It’s a sad fact that MPs are more likely to get upset about EU legal meddling than they do about EU military meddling.
The legal stuff is in plain sight across a range of policy areas, whereas the military stuff is at a high political level and is hidden by complexity, despite having grown rapidly since 2016. Many MPs have also mistakenly believed the defence stuff doesn’t apply to the exiting UK.
When it comes to legal interference and the European Court of Justice, MPs are already primed to the problem.
It’s therefore useful for us to point out that the UK is committed to ECJ authority through the defence part of the Chequers Plan.
The Chequers Plan commits the UK to two main EU defence structures, the European Defence Fund and the associated European Defence Industrial Development Programme, both of which in turn require the UK to remain in the EU Defence Procurement Directive. The EU Defence Procurement Directive in turn commits the UK defence industry to European Court of Justice jurisdiction.
This means a ‘full-time’ link to ECJ authority where the UK and all defence industry and government contracting would be obliged to comply fully with the directive, not just when the UK is participating in EU structures. This means a loss of choice for the UK, especially if it wished to retain strategically important defence contracts in the UK, like the US, Japan and New Zealand are able to do under World Trade Organisation procurement rules. One reason UK shipyards are often in jeopardy is that their high-quality expensive work is not suited to EU rules which force the UK government and MOD to find the cheapest operator in an EU-wide tender, irrespective of economic advantages to the UK from a domestic build.

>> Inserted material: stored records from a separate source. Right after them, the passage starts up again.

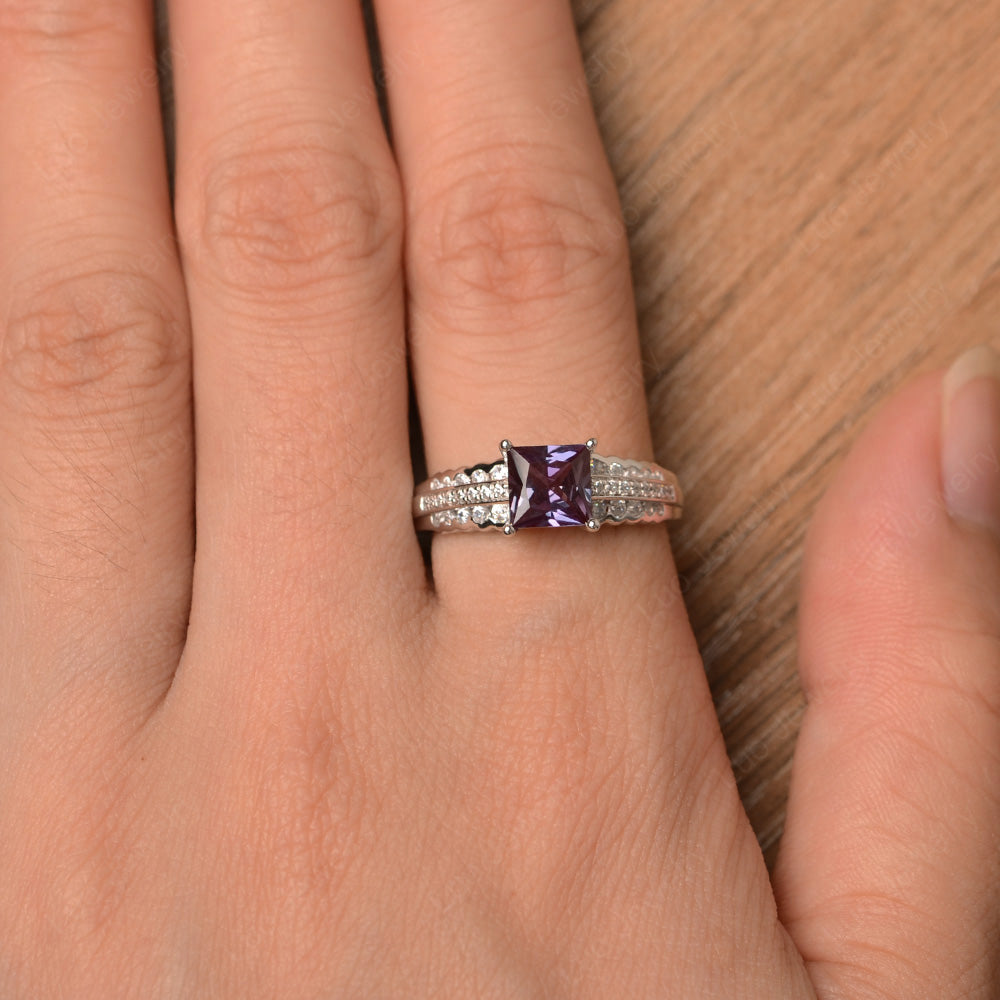 Princess Cut Alexandrite Art Deco Ring Silver - LUO Jewelry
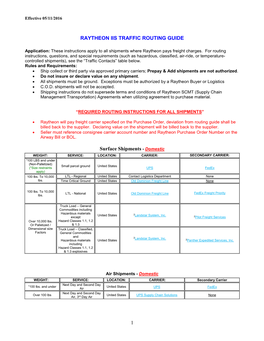 Effective: 6/20/05 NORTH TEXAS TRAFFIC ROUTING GUIDE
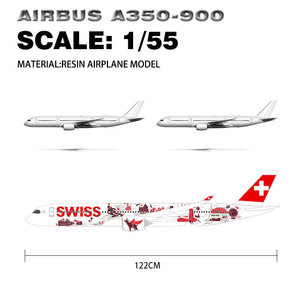 Modelo de Avión <span class=keywords><strong>Airbus</strong></span> <span class=keywords><strong>A350</strong></span>-<span class=keywords><strong>900</strong></span> de Swiss a Escala 1:55 para Coleccionistas - Material de Resina, Decoración de Exhibición de Gran Tamaño - Product Image 2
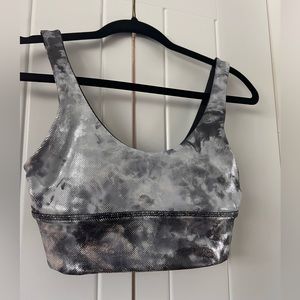 2 Lululemon Align Bras Diamond Dye Pitch Grey Graphite & Align Bra Shine Light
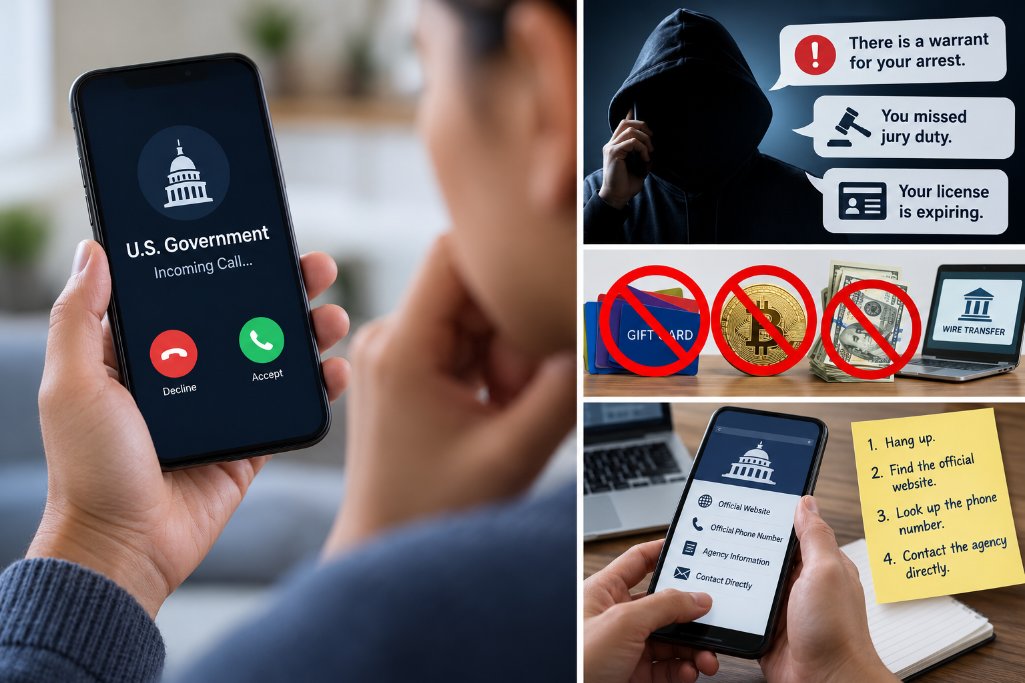 Government impersonation scams can be avoided by hanging up and independently verifying the government agency.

The EU Commission has been clear about the need for the UK to remain in the EU Defence Procurement Directive, along with the rest of ‘Military EU’. UK diplomats have admitted being told about the need to retain these associated EU rules as a minimum requirement for remaining in any of the EU defence acquis. Those who understand the EU defence legislative landscape know that involvement in EU structures is dependent on compliance with rules, policies and directive. Participation is impossible without it.

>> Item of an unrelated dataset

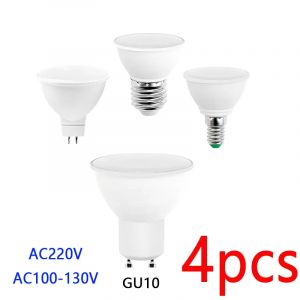 4 pi&egrave;ces LED Spot lumi&egrave;re 220V 110V GU10 MR16 E27 E14 LED ampoule 12W 9W 6W 3WLED lampe projecteur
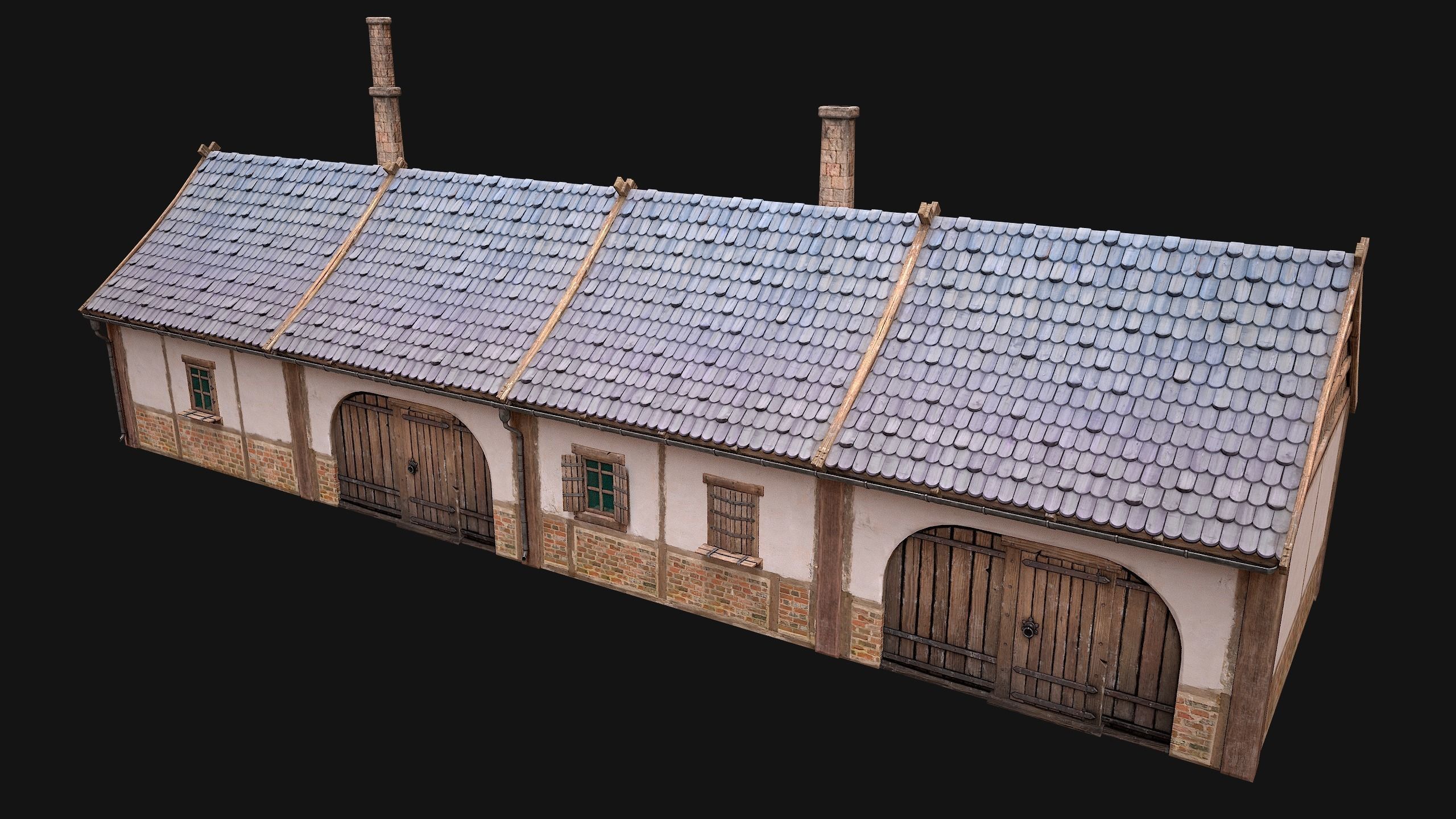 Medieval House 2 Barrack Low-poly 3D model_9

The precedent for the type of military subordination contained in the Chequers Plan is non-EU Norway. The Norwegian Government has adopted the EU Defence Directive as a precondition for its membership of Military EU, separate to the EEA Agreement. The Chequers Plan puts the UK in the same position as Norway, i.e. complete attachment to the EU’s growing political-military decision-making.
The EU Commission describes the involvement of the ECJ in its infringement procedures (link 1 below).
Infringement action was recently taken against five member states after the EU Commission issued new guidance to tackle non-compliance with the directive (link 2 below).
The directive is enforced in the context of an EU legislative environment where the ECJ is the final court of recourse. The UK Government has long been aware of this relationship and it is contained in government advice to defence industries from back in 2011 (link 3 below) before the equivalent UK act was enacted and before the EU tightened the application of the directive in 2016:
“Our freedom of choice in deciding what is proportionate and necessary to protect essential interests of national security is likely to diminish over time. It is not possible to reckon the extent to which this might occur because it depends on the attitude of the Court of Justice of the European Union (CJEU).
“The CJEU is very unlikely to accept economic reasons alone as a justification for EU Member States not complying with their obligations from the TFEU or applying the new Regulations, or both.